Friday, December 09, 2005

Relativism: Oppression's Ally

JAMES O'KEEFE

In examining cultural relativism, we must first ask ourselves whether or not certain cultural differences ought to be tolerated to such a point where we approve of cultural traditions that seem to us unjust or even ethically evil. Among these we find genital mutilation, the Hindu practice of suttee – burning women at the stake – and making women cover their faces like Cousin Itt from the Adams Family. The Multiculturalist connoisseurs and anthropological relativists would say yes, while the conservative intellectuals Allan Bloom, Robert Bork, William Bennet, or “neo-cons,” as they are called, would say no.

So is it morally justified for us to rescue Afghan women from their society? Absolutely.

Those who oppose the “neo-con” efforts of George W. Bush, Paul Wolfowitz and the rest of the gang include author Lila Abu-Lughad in her essay, “Do Muslim Women Need Saving?” Lughad uses the justification that particular cultural traditions that “we” westerners denounce, like the practice of stoning a woman to death because she left her home without the company of a male relative, are ignorant because our disapproval itself contains hidden Western prejudices about the history of exploitation and racism that indirectly led to such savagery in the first place. Lughad, similar to most postmodernists, prefers an historical and political view of any region to a review of its religious or cultural aspects. Lughad describes how U.S. involvement is responsible for stonings and burnings due to our support of the Taliban during the last twenty-five years in our effort to fight the Soviets. If Lughad is arguing that brutality against women under Shari’a Law been caused by the Americans, then aren’t we obligated to fix this? Even if it is our actions and not religious extremism (that’s a big “if ”) that explains stonings and burnings, they certainly don’t justify such brutality. Lughad justifies not brutality but the wearing of cultural dress; this focuses on the wrong issue. It is not the burqas and
other forms of cultural dress we hope to save Muslim women from, it is their right not to be butchered, not to have their lives taken from them when they speak their minds in the home or in public. Living in the free world, Lughad takes those rights for granted. Saving women from oppressive tyrants does not constitute western imperialism; it is a confirmation of the fundamental rights of all human beings. Lughad’s argument ignores extreme forms of brutality in its attention to the burqa, and then focuses on the question of moral relativism. The notion that truth is a reflection of a certain cultural bias – the idea that what is right and what is wrong differs from culture to culture, from era to era, from person to person, et cetera – can be first understood in the context of David Hume’s distinction between facts and values.
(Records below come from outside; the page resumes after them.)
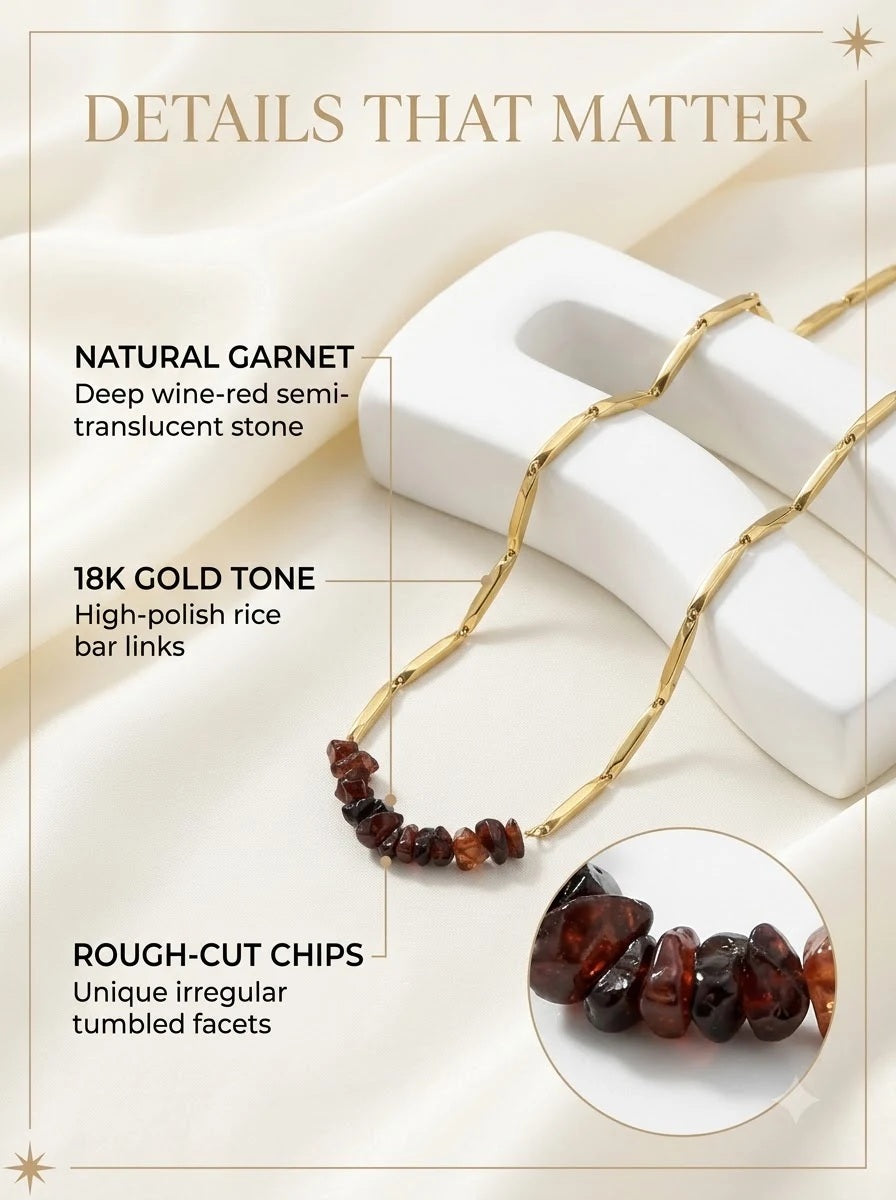 Ruboris Passion Chain detail: rough-cut wine red garnet chips
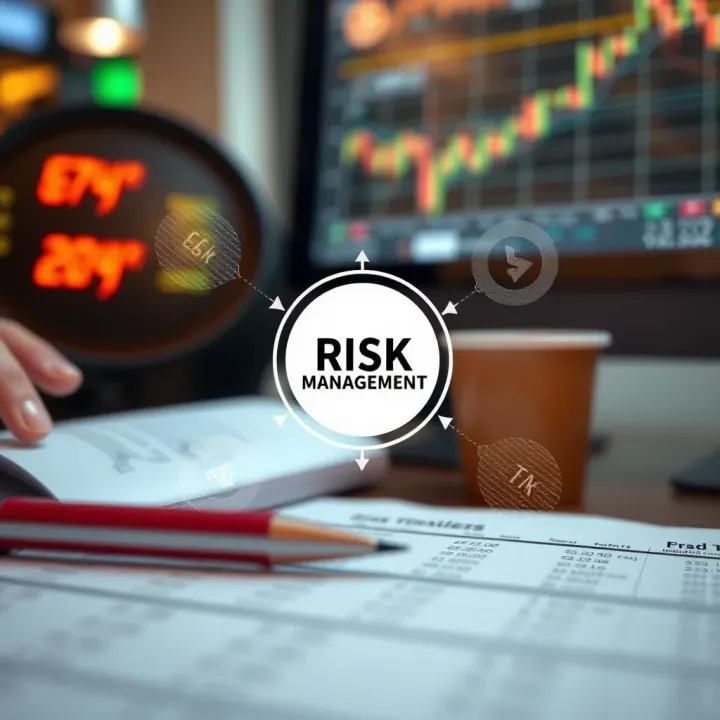 Diagram Highlighting Risk Management and Effective Trading Strategies Conceptual graphic showing risk management tactics and trading strategy planning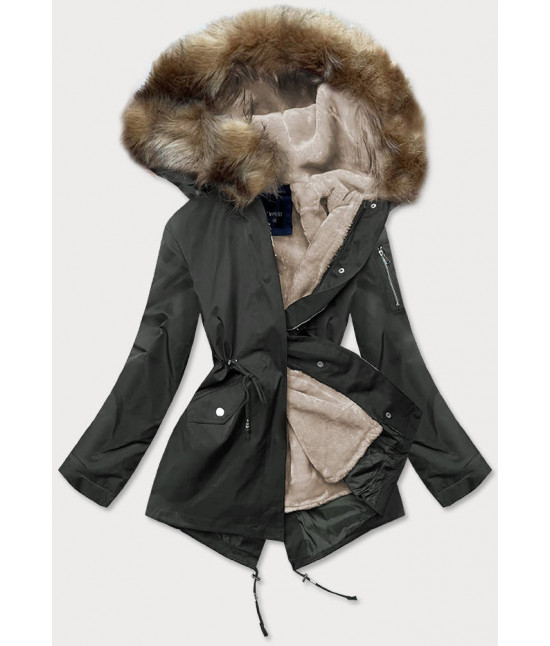 Dámska zimná bunda MODA533 khaki-béžová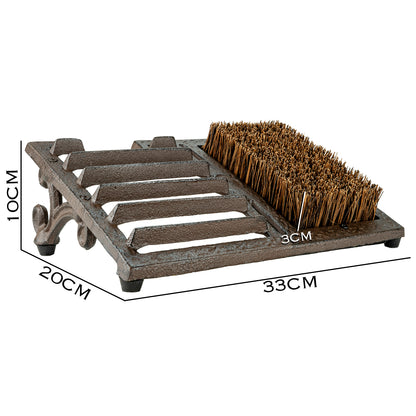 Woodside Vintage Cast Iron Boot Scraper Jack Brush | Boot Cleaner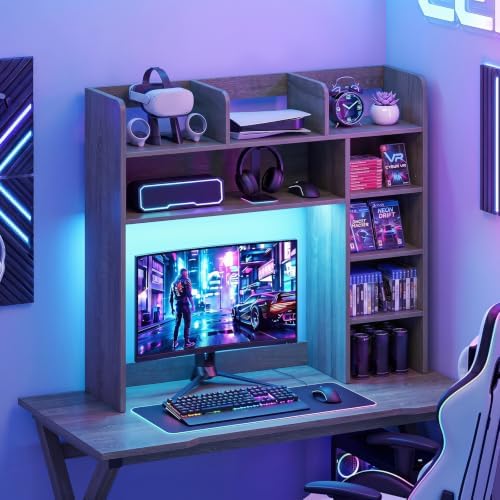 BECOMFORT Desk Hutch with LED Lights, Desk Organizer Shelf w/ 8 Storage Compartments, up to 25” Monitor, Wooden Display Rack, Desktop Bookshelf for Vanity Dressing Tabletop College Dorm Home & Office by BECOMFORT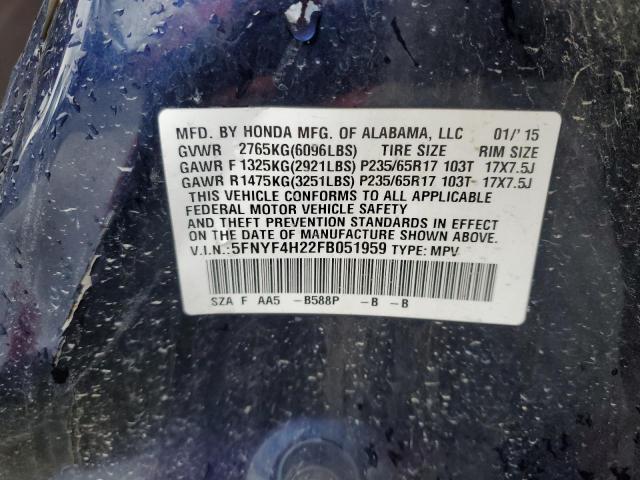 5FNYF4H22FB051959 Honda PILOT LX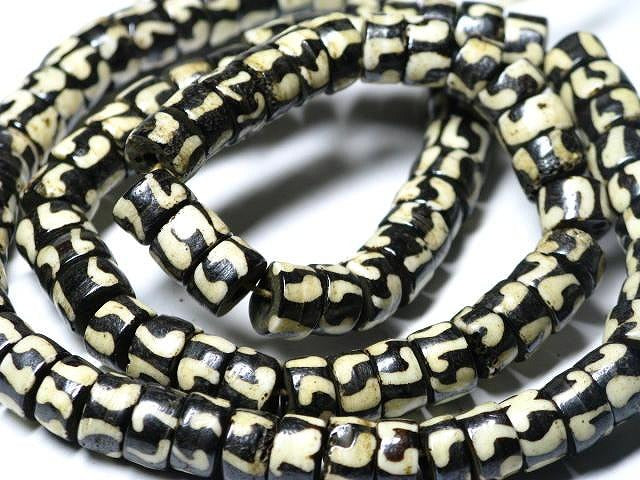 | TOKO-BEADS |BB109N-40 ボーンビーズ（連） 8mmとんぼ玉,ビーズ,トンボ玉,アジア,インド,エスニック,手作り,パーツ,アクセサリー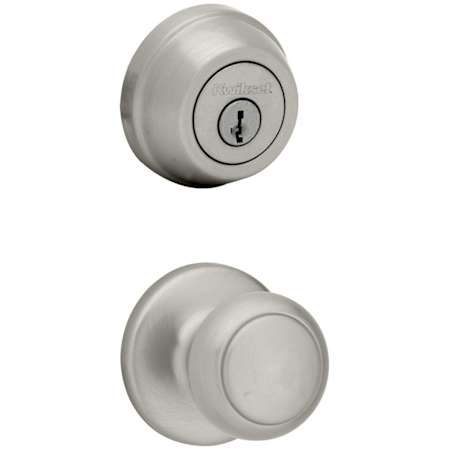 Kwikset Cove Passage Knob Set and Single Cylinder Keyed Entry Deadbolt Combo with SmartKey from the 780 Series Satin Nickel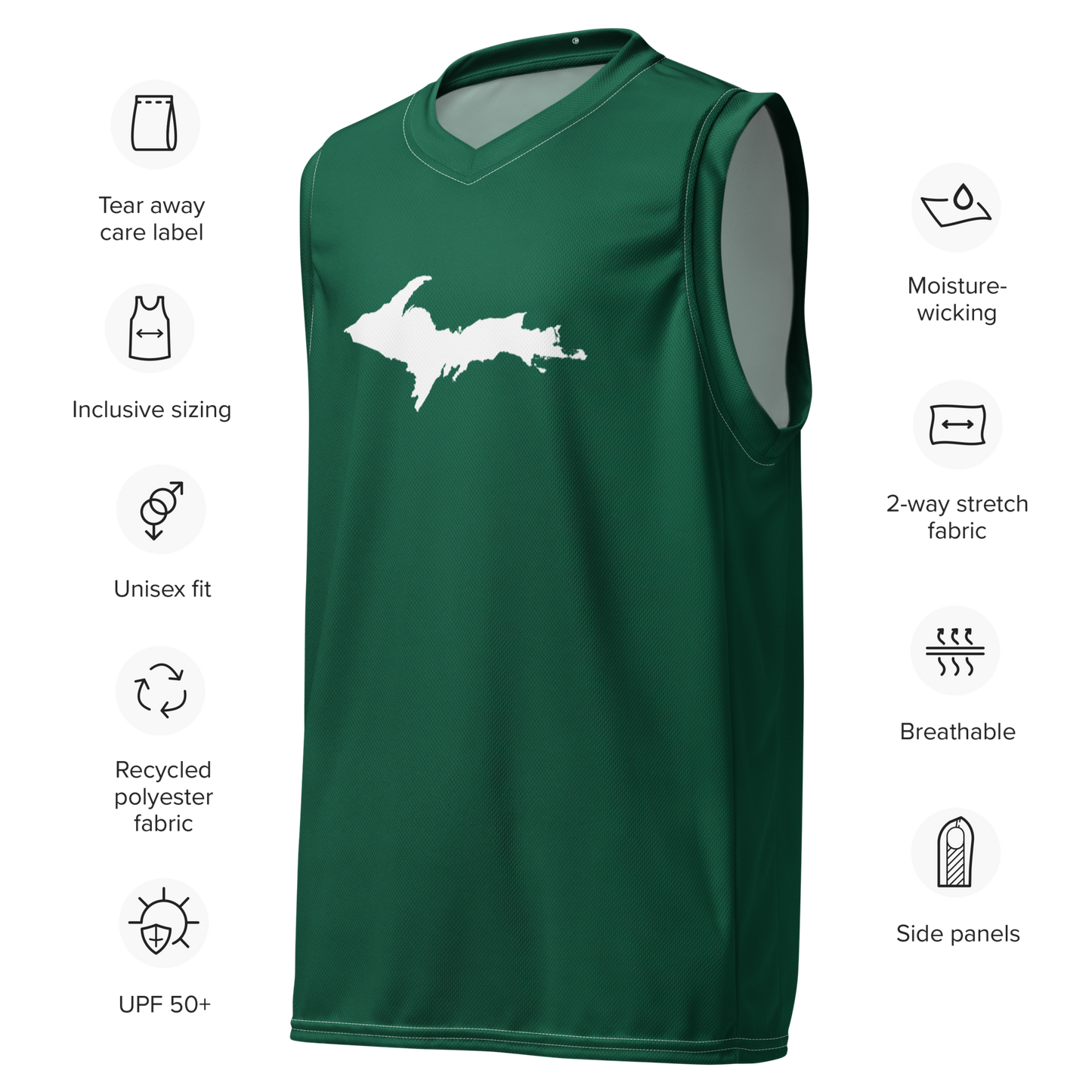 Michigan Upper Peninsula Basketball Jersey (w/ UP Outline) | Unisex - Superior Green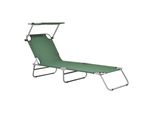 In And Outdoormatch Lettino Ayla - Con Tettuccio - 186X55X24 Cm - Verde Scuro - Tettuccio Regolabile
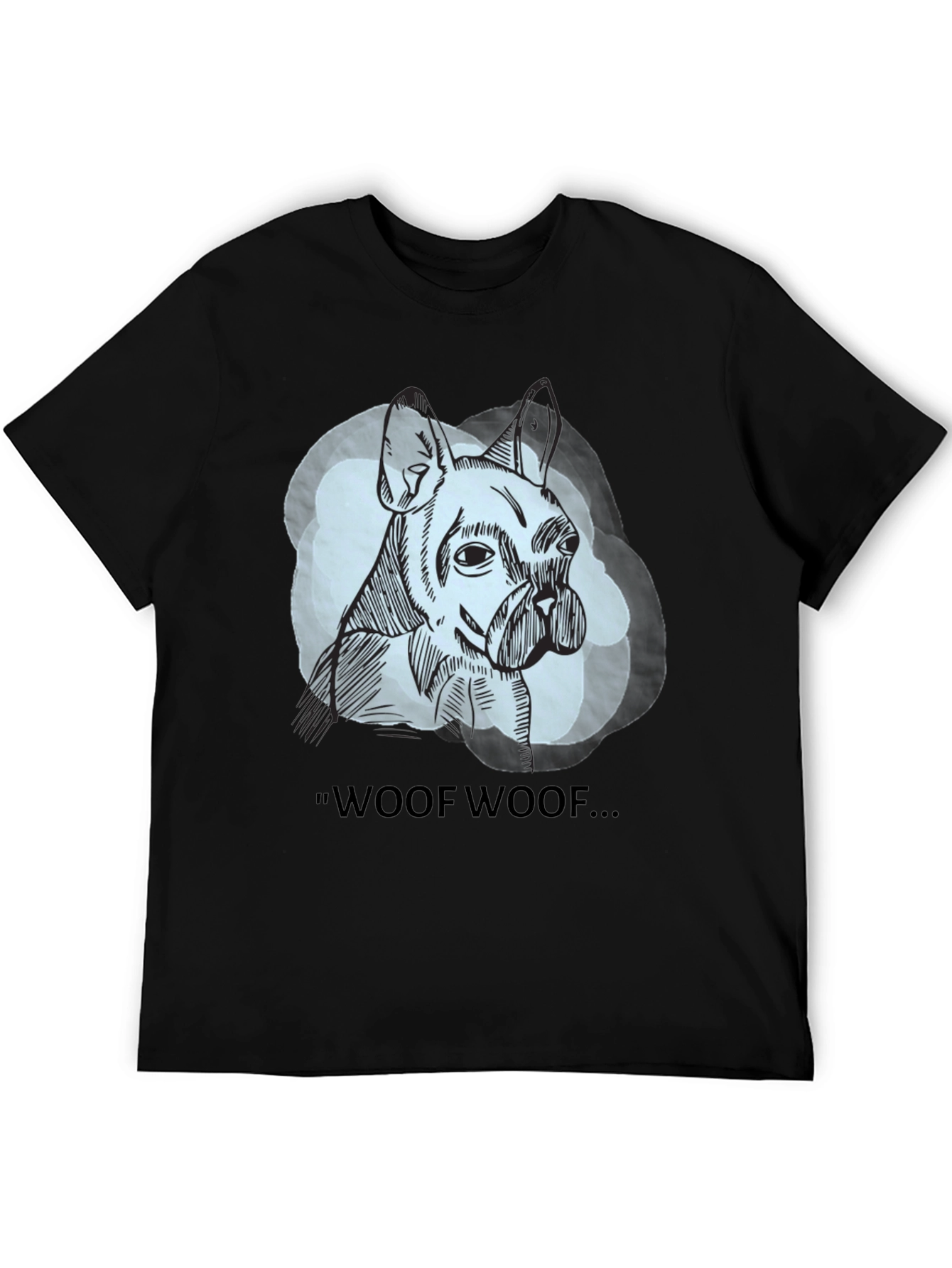 Woof Woof Dog Graphic Tee - Black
We know for a fact that the world is round, but whether or not the world is lovely is a different thing entirely, and arguably of little importance. The Comedian George Carlin made our egocentrism poignant to a modern audience with his hauntingly wise rebuttal of environmentalism: The planet Earth is fine, it doesn’t care what color or shape it's in; it is dependent rational animals like human beings, not a chunk of rock in the cosmos, that are emotive enough to make those determinations. “The planet will be here for a long, long, LONG time after we’re gone, and it will heal itself, it will cleanse itself, ‘cause that’s what it does. It’s a self-correcting system. The air and the water will recover, the earth will be renewed, and if it’s true that plastic is not degradable, well, the planet will simply incorporate plastic into a new paradigm: the earth plus plastic.”

But some emotions and values can and should be universal. There should be standards of judgment among people, ideas and events to prevent harmful perversion. Otherwise personal liberation will become on one hand the Sartre-inspired Marxist doctrine of everybody determining their own truths, and on the other the extreme libertarianism of Ayn Rand, where public virtue is ignored. Both bring about an inability to make universal judgments on anything, and we are forced to accept the extremist behavior of others. And since we are indifferent to extreme forms of tolerance, we become... bored. Worse, without a moral standard upon which to rely, we need to be given one from the cultural elites that begin to develop an excessive amount of dominance over our values. These elites may be professors at a University where the young-uns lack a common moral foundation, or worse, elites that serve selfish purposes, like the pigs George Orwell told us about on that farm of his, where society as a whole lacks a moral foundation.

Individualism has to be restrained in order to avoid undermining the traditional values of the community. To preserve these values, some universal truths are required to govern the community. This philosophy has been attributed to Pope Benedict XVI, whose philosophy echos Allan Bloom’s sentiments:

Truth is not determined from what is popular in a democracy, truth is discovered by leaving your cave and discovering what is eternal. Without God, you run the risk of tyrants making that determination. Without a compromise where individuals slightly subordinate themselves to their communities, communities will be governed by tyrants that replace God. The people should govern themselves and be given the right to do so from a divine authority.

When you deny objective values, you create what may be called "men without chests," as C.S. Lewis put it in his short book The Abolition of Man. Curious how we expect "virtue and enterprise" of these men when the organ that provides such services has already been removed.

James O'Keefe is a Rutgers College Senior majoring in philosophy.

NJO: Originally printed in the December 2005 issue of The Centurion.